About this task = The answer is the full listing below, copied exactly, with its pictures omitted.

Material provided =
>>

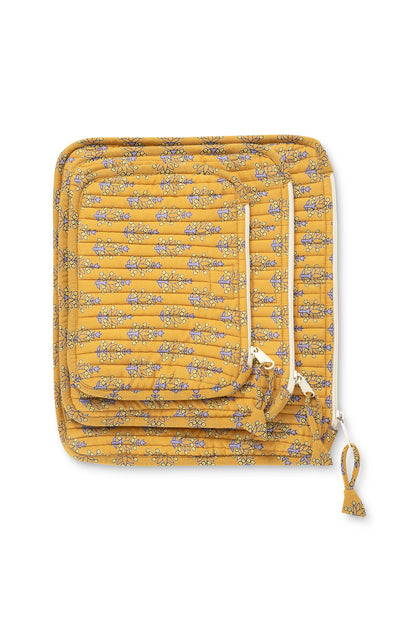 Pouch Set in Chai Winter Berry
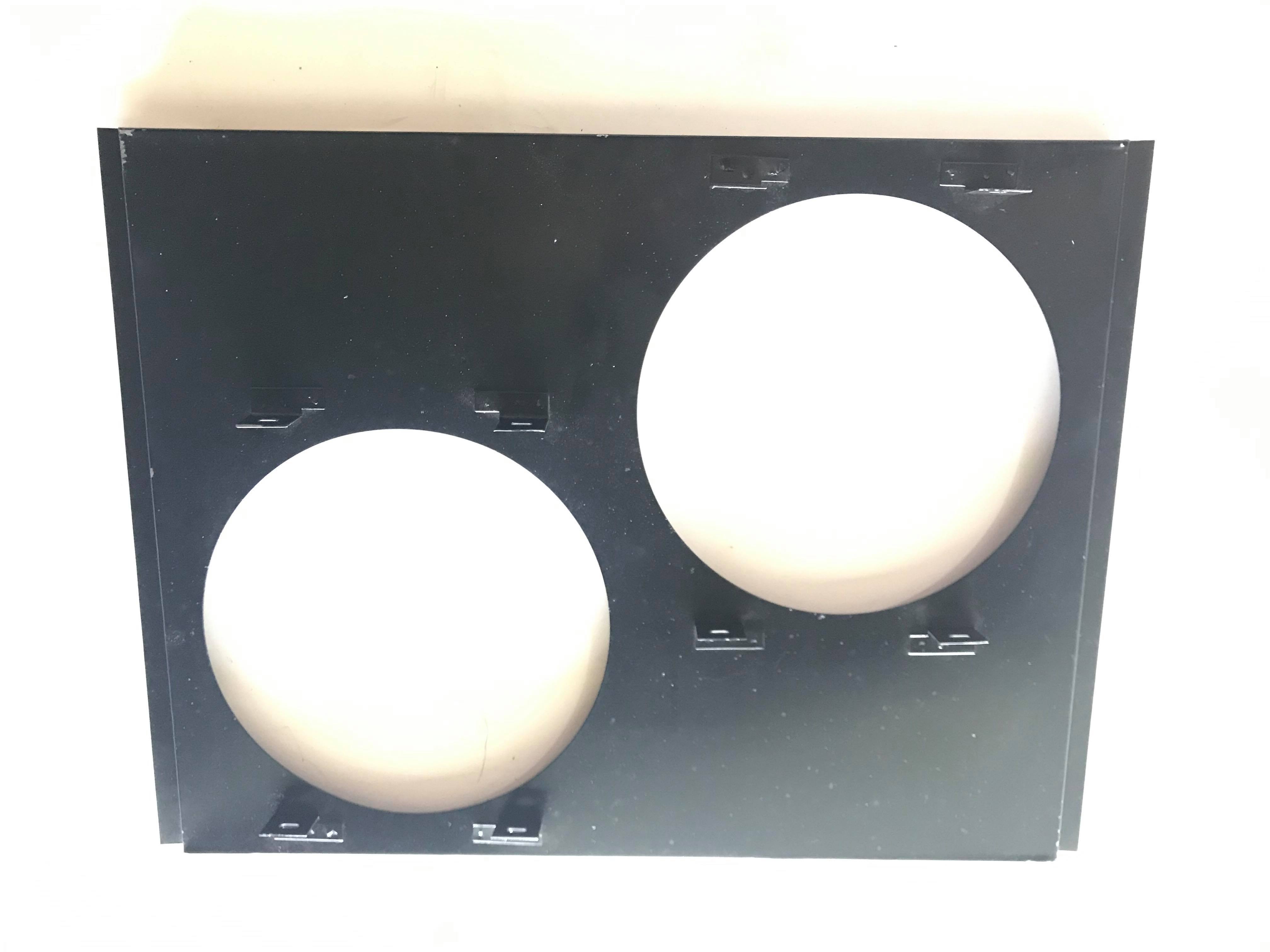 แผงแอร์ ขนาด 18x25 นิ้ว ท่อน้ำยา 3 แถว CD0044 มาพร้อมโครงพัดลม 10 นิ้ว 2 ช่อง ตะแกรงกันหิน 1 แผ่น เนื้อแผงอะลูมิเนียม ระบายความร้อนได้ดีเยี่ยม ใส่กับรถตู้หัวจรวด หรือรถตู้ทั่วไป หรืองานดัดแปลง อะไหล่ แอร์ รถยนต์ Car air conditioner spare parts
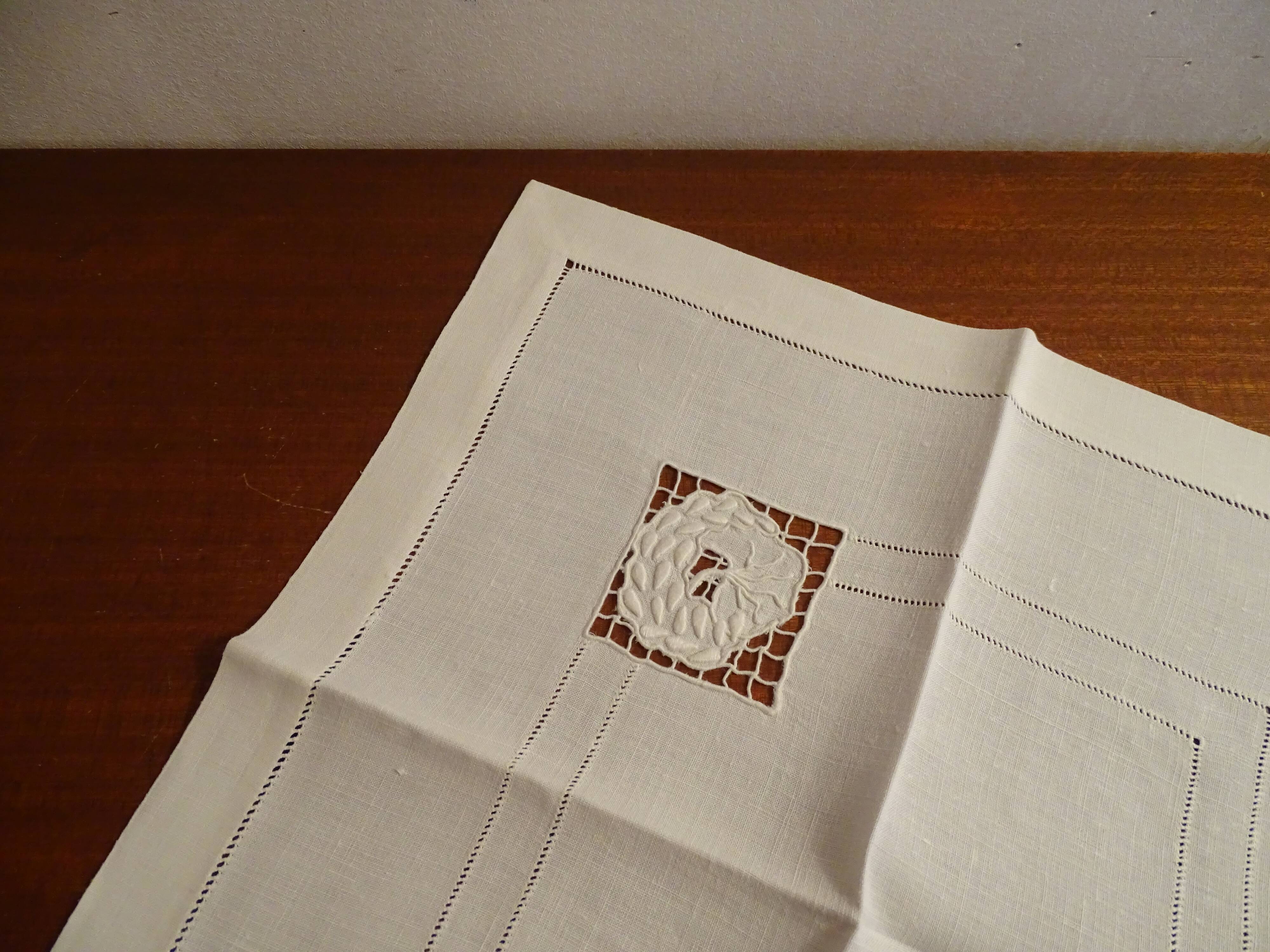 4 serviettes de tables brodées anciennes en coton 33x33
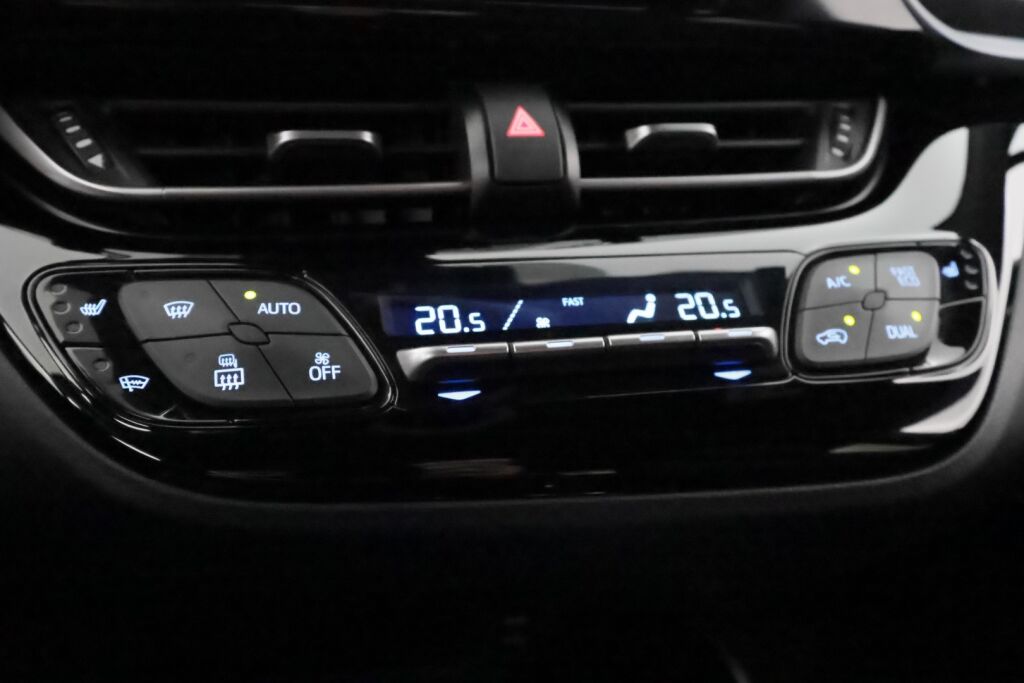 Toyota C-HR 2021 Sininen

<<

Answer to this problem =
 Pouch Set in Chai Winter Berry
 แผงแอร์ ขนาด 18x25 นิ้ว ท่อน้ำยา 3 แถว CD0044 มาพร้อมโครงพัดลม 10 นิ้ว 2 ช่อง ตะแกรงกันหิน 1 แผ่น เนื้อแผงอะลูมิเนียม ระบายความร้อนได้ดีเยี่ยม ใส่กับรถตู้หัวจรวด หรือรถตู้ทั่วไป หรืองานดัดแปลง อะไหล่ แอร์ รถยนต์ Car air conditioner spare parts
 4 serviettes de tables brodées anciennes en coton 33x33
 Toyota C-HR 2021 Sininen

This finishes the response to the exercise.